## [GIVEN DATA]
--- --- ---

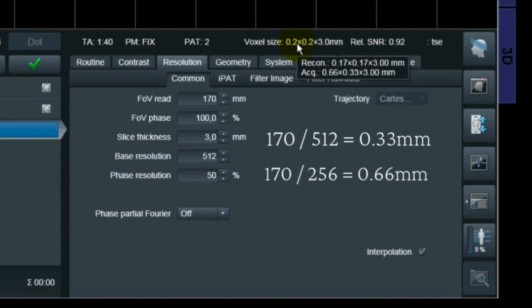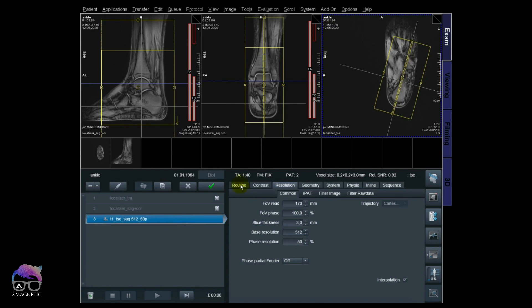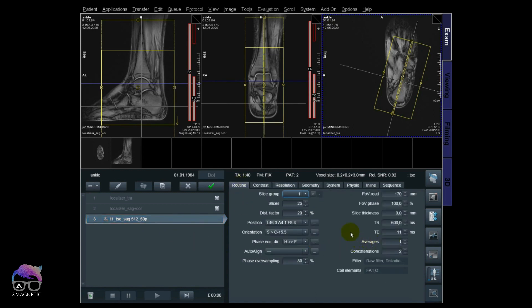Let's check this sequence. I'll name it '512_50p' so we remember it. I'll set the averages to 100 to add a little signal. Remember, I'm doing three tests here — don't think about SNR or scan time, which will be approximately the same. What I want to highlight is the resolution and the voxel sizes. Let's scan that one.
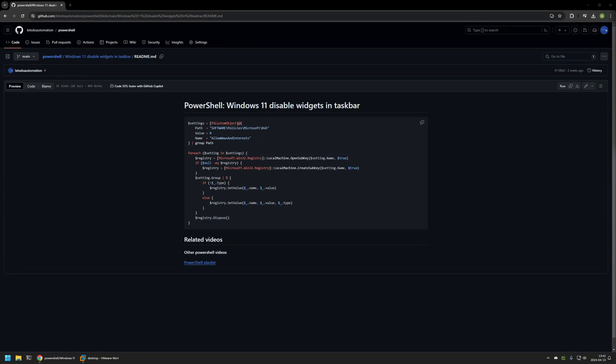In this video I'll be using PowerShell to disable Windows 11 widgets in taskbar. I'm starting this video from my GitHub page because there are a few bits of information here that I will be using for this video.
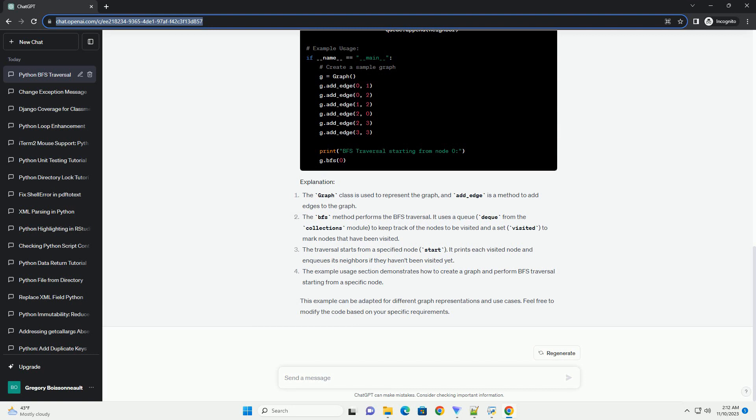The example usage section demonstrates how to create a graph and perform BFS traversal starting from a specific node. This example can be adapted for different graph representations and use cases. Feel free to modify the code based on your specific requirements.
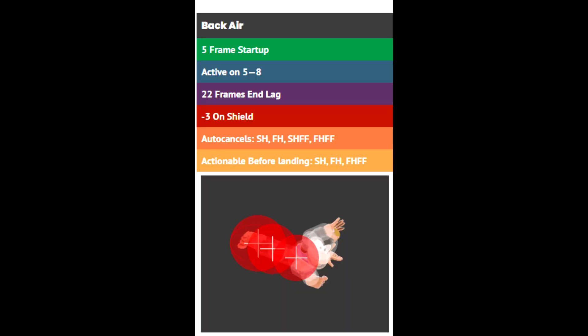So why doesn't this connect on the first clip but it does on the second? The answer to that is frame data. The frame data on back air is that it is active from frames 5, 6, 7, and 8.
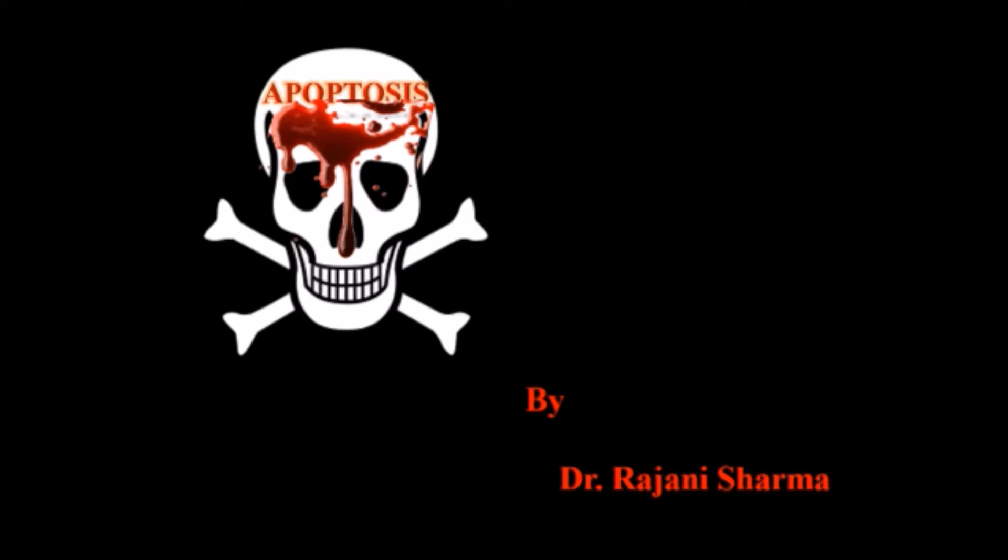Hello and welcome to my channel Be Yourself. This is Dr. Ranishirma and today I have a very interesting topic for you: apoptosis.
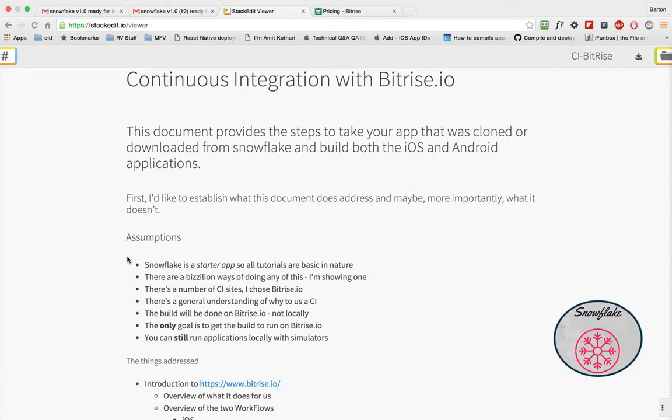Today I want to start a series of videos about doing continuous integration with Bitrise. This document is going to provide the steps that you can take your app that was cloned or downloaded from Snowflake and build both your iOS and your Android application.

--- --- ---

## [THE TASK]
Your output should consist solely of the lines from the line containing "So why doesn't" through the end of the data above, copied exactly, with images removed.

## [WRITTEN SOLUTION]
So why doesn't this connect on the first clip but it does on the second? The answer to that is frame data. The frame data on back air is that it is active from frames 5, 6, 7, and 8.
Hello and welcome to my channel Be Yourself. This is Dr. Ranishirma and today I have a very interesting topic for you: apoptosis.
Today I want to start a series of videos about doing continuous integration with Bitrise. This document is going to provide the steps that you can take your app that was cloned or downloaded from Snowflake and build both your iOS and your Android application.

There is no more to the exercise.